Just thinking of Edward being with other women made my blood boil. I felt jealousy searing through my veins at the thought of other women's appreciation for him. He was mine…Nobody else's. If I could just skip the step of admittedly professing like for each other, things could possibly work

I didn't want to lose him. I didn't want him to walk away. I wanted more than anything to be beside Edward through all of this–boyfriend or not. I just needed him. It was pathetic how needy I had become, but maybe…fuck I didn't know. Nothing about the situation I was in was normal or made sense. I just had to go with it. It was the whole building up to the step of being considered into a relationship. Maybe if we just had a silent agreement without all the Cheese Wiz, I wouldn't be turned off. Fucking awesome idea. I looked back at Edward and he looked so sad, so upset. I had to fix it.

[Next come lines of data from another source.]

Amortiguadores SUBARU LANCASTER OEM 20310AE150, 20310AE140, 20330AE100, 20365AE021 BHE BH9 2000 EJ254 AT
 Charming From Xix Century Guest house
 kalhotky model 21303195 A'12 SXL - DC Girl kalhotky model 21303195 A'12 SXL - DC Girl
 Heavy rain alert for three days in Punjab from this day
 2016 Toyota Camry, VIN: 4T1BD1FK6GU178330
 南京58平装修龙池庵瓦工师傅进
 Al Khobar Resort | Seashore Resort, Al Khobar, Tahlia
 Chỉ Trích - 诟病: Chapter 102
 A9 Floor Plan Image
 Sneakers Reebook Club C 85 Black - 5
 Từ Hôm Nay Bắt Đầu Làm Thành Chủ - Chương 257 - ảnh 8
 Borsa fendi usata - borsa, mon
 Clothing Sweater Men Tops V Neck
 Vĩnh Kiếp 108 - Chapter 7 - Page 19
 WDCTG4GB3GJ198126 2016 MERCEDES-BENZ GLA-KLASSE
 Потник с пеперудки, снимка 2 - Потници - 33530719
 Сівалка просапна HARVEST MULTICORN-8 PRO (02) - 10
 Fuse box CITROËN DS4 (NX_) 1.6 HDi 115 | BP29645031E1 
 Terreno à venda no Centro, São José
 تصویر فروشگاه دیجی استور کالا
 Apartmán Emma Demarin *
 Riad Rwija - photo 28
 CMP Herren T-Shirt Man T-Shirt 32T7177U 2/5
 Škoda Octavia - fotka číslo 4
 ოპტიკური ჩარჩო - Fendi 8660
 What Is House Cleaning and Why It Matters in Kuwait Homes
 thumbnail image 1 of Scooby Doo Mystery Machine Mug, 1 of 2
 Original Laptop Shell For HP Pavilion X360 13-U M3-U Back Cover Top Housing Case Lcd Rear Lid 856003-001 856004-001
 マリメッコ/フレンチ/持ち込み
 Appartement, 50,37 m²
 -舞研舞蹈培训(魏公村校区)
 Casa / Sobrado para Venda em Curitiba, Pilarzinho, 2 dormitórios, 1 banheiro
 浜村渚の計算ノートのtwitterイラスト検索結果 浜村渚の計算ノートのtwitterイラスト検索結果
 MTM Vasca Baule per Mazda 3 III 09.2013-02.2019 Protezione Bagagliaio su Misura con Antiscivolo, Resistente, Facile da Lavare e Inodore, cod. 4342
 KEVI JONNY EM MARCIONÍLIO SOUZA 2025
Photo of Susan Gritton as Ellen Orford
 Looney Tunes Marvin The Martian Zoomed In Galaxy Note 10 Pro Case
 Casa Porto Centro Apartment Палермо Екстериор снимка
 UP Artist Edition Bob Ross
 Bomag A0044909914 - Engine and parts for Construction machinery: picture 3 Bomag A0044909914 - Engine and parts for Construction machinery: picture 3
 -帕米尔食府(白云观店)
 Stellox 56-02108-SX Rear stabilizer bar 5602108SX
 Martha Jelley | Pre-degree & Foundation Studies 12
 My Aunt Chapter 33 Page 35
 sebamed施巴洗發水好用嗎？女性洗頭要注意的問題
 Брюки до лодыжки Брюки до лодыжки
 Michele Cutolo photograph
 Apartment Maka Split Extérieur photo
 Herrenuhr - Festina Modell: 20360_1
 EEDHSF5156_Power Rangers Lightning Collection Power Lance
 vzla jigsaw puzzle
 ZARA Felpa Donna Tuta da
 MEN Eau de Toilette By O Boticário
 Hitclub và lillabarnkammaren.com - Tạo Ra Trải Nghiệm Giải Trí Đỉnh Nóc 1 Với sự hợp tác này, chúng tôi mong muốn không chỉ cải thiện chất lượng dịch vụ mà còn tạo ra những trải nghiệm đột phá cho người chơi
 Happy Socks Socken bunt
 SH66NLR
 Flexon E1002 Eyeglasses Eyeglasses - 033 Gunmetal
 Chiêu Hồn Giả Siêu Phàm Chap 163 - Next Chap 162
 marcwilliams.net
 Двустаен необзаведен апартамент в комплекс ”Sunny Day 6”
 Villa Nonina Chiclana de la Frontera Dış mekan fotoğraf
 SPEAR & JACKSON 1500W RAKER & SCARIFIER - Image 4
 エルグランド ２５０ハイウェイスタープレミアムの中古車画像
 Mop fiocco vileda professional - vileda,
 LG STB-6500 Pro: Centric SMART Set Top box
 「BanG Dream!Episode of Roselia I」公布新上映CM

As I panicked at the thought that this might be the last time I saw him, and the fact that I would lose him, I stood up and looked directly into his eyes.

"Edward," I said shakily.

He quickly stood up and looked and me worriedly. "Bella are you, oka-"

"Kiss me," I rushed out.

"W-what?" he stuttered out.

"Kiss me for fuck sake, Edward! Quick!"

He placed his hands on each side of my face and smiled. He leaned in closer until his lips mere inches away from mine.

Edward was the Cheese Whiz to my Wonder bread.